French politician and lawyer (born 1975)

Camille Galliard-Minier (née Galliard; born 26 May 1975) is a French politician and lawyer, the deputy for Isère's 1st constituency in the National Assembly of France from 2020 to 2022, and since 2025.

==Early life and education==
Camille Galliard-Minier was born 26 May 1975 in La Tronche, Isère.

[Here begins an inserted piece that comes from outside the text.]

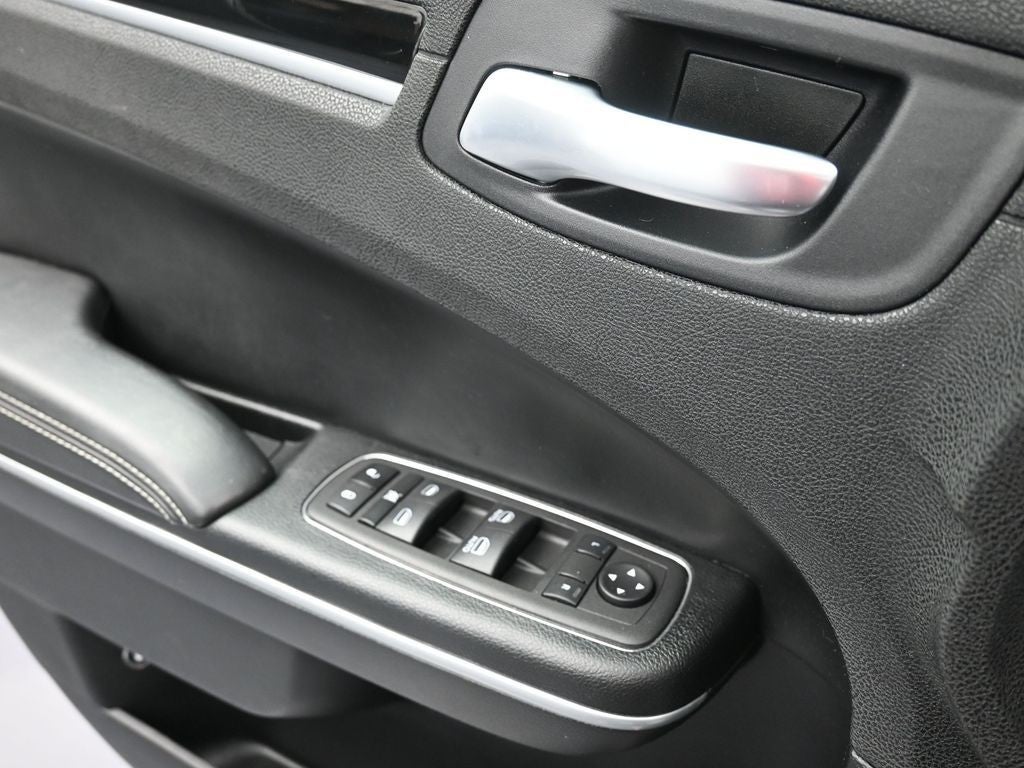 2023 Chrysler 300 300S RWD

She grew up in a family committed to local politics: her mother was elected in the town of La Tronche, and her grandfather, Louis Gaillard, was mayor of this same municipality from 1971 to 1985.

In 2003, Camille Galliard-Minier defended a doctoral thesis in law under the supervision of Pierre Murat. She then became a lawyer registered with the Grenoble bar until 2017, notably in the early 2010s appearing for the family of the victim in the Manuela Gonzalez case, nicknamed the “black widow of Isère”.

==Political career==
Defining herself a member of the centre-left, she is a member of La République En Marche!
In the 2017 legislative elections, she was the substitute for Olivier Véran in Isère's 1st constituency. She became the deputy in March 2020, following Véran's appointment to the government.
She did not contest the 2022 election.

She was elected again in 2025, and is in office since January 20, 2025.